A Game Changer for Local Dramatists
Bravo to Wheeling dramatists Jeremy Richter and Ron Scott Jr. whose play, “Changing Game,” has been selected for a production in New York City.
The playwrights are in the process of casting the play, with audition assistance from Dale Sampson, a Wheeling Park High School graduate who moved to New York to pursue an acting career.
Wheeling native and Broadway actor Aaron Galligan-Stierle will direct the production of “Changing Game.” The play is scheduled to open in New York on Feb. 16.
Meanwhile, another play written by Richter will be performed at Oglebay Institute’s Towngate Theatre in Wheeling Friday through Sunday, Jan. 3-5. “Political Little One” deals with the historical case of Lucy Bagby, who is believed to be the last slave returned to her master under the Fugitive Slave Act before the Civil War.
Wheeling audiences have seen samples of “Political Little One” during staged readings at local venues in recent years. In this play, Richter dramatizes the story of three men and a boy who were accused of assisting in Bagby’s escape.
Former Sistersville resident Steven E. Winters has released his second book, “A Knight in the Ville – The December Dark.”
Winters, who now lives in Wilmington, N.C., said the story, like his first book, “A Knight in the Ville – Why the Babies Cry,” is based upon local folklore and legends of the Ohio Valley.
Describing the plot, Winters stated, “It is a harrowing tale of how the greed and fears of a small town feed the evil needs of a mysterious stranger who shows up one cold dark December night in tiny Sistersville, W.Va. Only the heroic efforts of small town cop Curtis Knight can save the Ville from certain darkness.”
The novel is available at Amazon.com or at other book distributors, the author said.

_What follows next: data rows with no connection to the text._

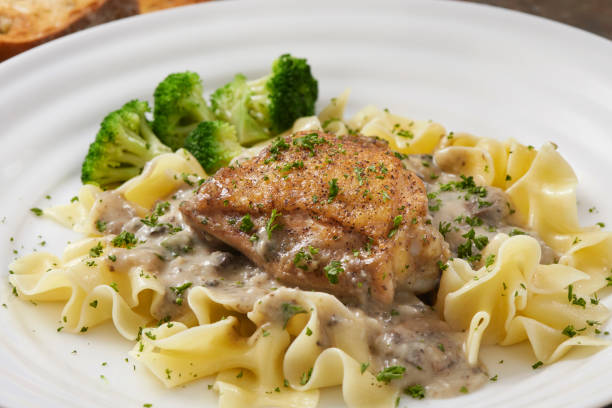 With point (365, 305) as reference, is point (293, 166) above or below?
above

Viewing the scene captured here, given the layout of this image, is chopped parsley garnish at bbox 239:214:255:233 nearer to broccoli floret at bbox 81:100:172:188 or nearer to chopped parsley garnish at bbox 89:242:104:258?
chopped parsley garnish at bbox 89:242:104:258

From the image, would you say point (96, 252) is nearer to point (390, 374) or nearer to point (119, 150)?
point (119, 150)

I’m sorry to have missed it, but I’m told that another great program was presented for Lunch With Books at the Ohio County Public Library Tuesday, Dec. 17.
Coordinator Sean Duffy said that 130 people were present to share their memories of downtown Wheeling.
The session was part of Lunch With Books’ popular Neighborhood Nostalgia series.
One of the speakers was Jack Syphers, Wheeling’s last surviving trolley car man. Duffy said Syphers started working for Wheeling’s Co-Operative Transit Co. in 1942, at age 21. He operated trolley cars until they were replaced by buses in 1948. Duffy said the next entry in the series will be Wheeling Island Memories, currently scheduled for March 25.
The holiday season is upon us with all its wonder, magical moments and experiences of grace and joy. Even in times of great sorrow, the spirit of Christmas still prevails. It is a time for extraordinary examples of generosity and simple acts of kindness. Witnessing the selfless giving by others of their time, energy and material goods can restore one’s faith in humanity.
May you and your family and friends have a blessed Christmas and a joyous holiday season. Merry Christmas, readers!